35 km glatter Bahndammradweg in Polen

Schwedt – Chojna – Moryn – Neutrebbin Track

In Polen tut sich etwas: direkt hinter der deutschen Grenze ist im letzten Jahr ein wunderbarer Bahntrassenradweg entstanden.

Wir starten in Schwedt an der Oder und fahren über die Grenze. Die ersten Kilometer bis Chojna verlaufen auf der Hauptstraße. Nicht sehr schön, aber es geht schnell und am Sonntag morgen hält der Verkehr sich in Grenzen.

Eine Anregung wäre vermutlich, den Weg in einer Zweitagestour mit einem nördlich gelegenen Radweg zu kombinieren; wir haben hier aber nur eine Tagestour gemacht.

Chojna, auf deutsch Königsberg in der Neumark, ist eine alte kleine Stadt. Im Krieg stark zerstört, aber Kirche, Teile der Stadtbefestigung und einige weitere alten Gebäude sind erhalten.

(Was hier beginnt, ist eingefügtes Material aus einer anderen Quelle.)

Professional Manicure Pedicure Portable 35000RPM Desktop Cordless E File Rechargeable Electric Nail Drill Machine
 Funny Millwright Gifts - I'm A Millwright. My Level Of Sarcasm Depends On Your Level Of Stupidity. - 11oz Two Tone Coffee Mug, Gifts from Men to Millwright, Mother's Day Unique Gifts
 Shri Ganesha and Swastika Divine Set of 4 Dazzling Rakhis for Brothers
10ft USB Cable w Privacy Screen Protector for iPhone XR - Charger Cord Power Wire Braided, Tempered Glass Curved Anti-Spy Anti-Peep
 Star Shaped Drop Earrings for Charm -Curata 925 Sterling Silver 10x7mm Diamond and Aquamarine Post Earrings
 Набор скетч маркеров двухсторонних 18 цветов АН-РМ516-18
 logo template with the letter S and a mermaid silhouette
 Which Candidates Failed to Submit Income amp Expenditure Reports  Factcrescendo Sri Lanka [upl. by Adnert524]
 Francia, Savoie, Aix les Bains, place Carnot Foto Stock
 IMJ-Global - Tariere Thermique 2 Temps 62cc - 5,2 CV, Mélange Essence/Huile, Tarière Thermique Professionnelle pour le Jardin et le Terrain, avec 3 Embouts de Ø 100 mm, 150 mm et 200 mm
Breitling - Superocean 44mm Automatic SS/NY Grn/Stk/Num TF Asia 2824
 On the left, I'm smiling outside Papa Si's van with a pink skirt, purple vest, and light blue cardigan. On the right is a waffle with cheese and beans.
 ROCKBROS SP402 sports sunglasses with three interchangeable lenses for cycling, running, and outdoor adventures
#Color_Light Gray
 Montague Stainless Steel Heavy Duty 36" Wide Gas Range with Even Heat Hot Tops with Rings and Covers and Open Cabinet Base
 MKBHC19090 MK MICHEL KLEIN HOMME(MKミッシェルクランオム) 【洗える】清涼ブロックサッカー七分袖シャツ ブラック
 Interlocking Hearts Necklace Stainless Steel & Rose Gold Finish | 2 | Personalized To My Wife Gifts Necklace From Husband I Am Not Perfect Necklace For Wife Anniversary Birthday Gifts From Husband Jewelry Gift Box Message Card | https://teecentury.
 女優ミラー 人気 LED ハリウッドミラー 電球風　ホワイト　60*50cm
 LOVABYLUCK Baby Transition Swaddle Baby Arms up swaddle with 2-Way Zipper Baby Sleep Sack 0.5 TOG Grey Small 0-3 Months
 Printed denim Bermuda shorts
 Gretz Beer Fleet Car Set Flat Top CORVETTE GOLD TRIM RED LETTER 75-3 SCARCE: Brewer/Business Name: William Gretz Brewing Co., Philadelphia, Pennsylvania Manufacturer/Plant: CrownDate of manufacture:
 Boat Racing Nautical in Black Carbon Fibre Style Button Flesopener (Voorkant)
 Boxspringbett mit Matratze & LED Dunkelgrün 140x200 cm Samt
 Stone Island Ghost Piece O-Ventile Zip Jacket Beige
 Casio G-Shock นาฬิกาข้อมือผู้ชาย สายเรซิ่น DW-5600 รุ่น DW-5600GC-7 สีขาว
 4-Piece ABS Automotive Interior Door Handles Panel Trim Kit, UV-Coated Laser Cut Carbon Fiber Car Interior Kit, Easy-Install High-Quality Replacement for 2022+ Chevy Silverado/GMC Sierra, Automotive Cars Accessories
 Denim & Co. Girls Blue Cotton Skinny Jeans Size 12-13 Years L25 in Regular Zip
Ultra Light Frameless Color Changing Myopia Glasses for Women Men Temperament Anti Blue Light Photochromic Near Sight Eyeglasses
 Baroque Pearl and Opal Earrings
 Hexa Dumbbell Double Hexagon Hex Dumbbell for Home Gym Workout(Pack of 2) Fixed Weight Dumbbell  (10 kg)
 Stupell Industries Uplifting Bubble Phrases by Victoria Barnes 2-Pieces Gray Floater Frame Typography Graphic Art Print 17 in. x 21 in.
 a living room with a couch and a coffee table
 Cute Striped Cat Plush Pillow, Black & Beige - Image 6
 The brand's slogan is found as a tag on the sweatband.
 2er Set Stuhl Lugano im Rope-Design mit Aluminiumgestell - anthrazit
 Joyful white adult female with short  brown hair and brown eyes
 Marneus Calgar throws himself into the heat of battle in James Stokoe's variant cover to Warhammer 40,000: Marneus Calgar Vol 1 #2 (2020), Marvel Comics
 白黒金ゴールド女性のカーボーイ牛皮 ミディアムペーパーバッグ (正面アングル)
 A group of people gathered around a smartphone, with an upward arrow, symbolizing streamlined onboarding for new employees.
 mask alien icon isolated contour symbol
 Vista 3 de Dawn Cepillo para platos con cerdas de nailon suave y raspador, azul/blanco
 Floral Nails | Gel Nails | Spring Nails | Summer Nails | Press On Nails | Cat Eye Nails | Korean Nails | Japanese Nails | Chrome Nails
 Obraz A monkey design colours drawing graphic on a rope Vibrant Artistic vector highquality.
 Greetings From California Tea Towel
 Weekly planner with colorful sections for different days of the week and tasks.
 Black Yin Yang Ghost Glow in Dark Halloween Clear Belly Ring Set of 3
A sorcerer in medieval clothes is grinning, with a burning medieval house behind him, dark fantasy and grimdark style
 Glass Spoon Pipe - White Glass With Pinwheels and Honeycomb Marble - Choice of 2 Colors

Wir fahren noch ein Stück nach Osten, und biegen etwa drei Kilometer hinter der Stadt nach rechts ab. Und dann wird es richtig schön! Eine traumhafte Allee mit alten Bäumen führt uns durch einsame Dörfer wie Czartoria und Brwice, wo die Zeit stehen geblieben zu sein scheint.

Südlich von Brwice treffen wir in der Einsamkeit auf die Moderne. Ein nagelneuer glatter Radweg, perfekt ausgeschildert, Hinweise auf Sehenswürdigkeiten, Einkaufs- und Bademöglichkeiten in der Umgebung.

Bahntrassenradweg kreuzt kleine Straße, das ist doch super gemacht

Östlicher Ausgangspunkt ist Trczinsko Zdroj, Bad Schönfließ. Wir folgen ihm in die andere Richtung, 30 km nach Westen bis zur Oder. Es fährt sich traumhaft. Auch in Godkow (Jädickendorf), wo eine andere Bahnstrecke und eine Hauptstraße gekreuzt werden, gibt es eine separate und problemlose Führung durch den Ort.

super gesicherter Poller, das würde ich mir in Berlin wünschen

Moryn ist ein winziges Städtchen etwas abseits der Bahnstrecke. Hier gibt es einen schönen See zum Baden und eine nette Altstadt, wo wir in einem kleinen Café einkehren. Danach folgen wir den Bahndamm wieder bis zur Oder.

1945 wurde die Bahnstrecke durch die Oder-Neiße-Grenze unterbrochen, blieb aber für militärische Zwecke in Betrieb. Sogar die im Krieg zerstörte Oderbrücke wurde Anfang der 1950er Jahre wieder aufgebaut und steht heute unter Denkmalschutz, mehr dazu in Wikipedia.

noch ist die Brücke über die Oder gesperrt

Wäre das schön, wenn man dort ‚rüber käme! Am anderen Ufer würde sich der Bahndammradweg bis nach Wriezen fortsetzen. Doch man muss noch ein paar Jahre warten, bis das gehen wird. So haben wir die Wahl zwischen rechts (über Hohenwutzen nach Bad Freienwalde) und links. Wir entscheiden uns für letzteres. In Gozdowice (Güstebiese) fährt stündlich eine Fähre über die Oder; von dort rollen wir schnell 12 Kilometer weiter bis zum Bahnhof in Neutrebbin.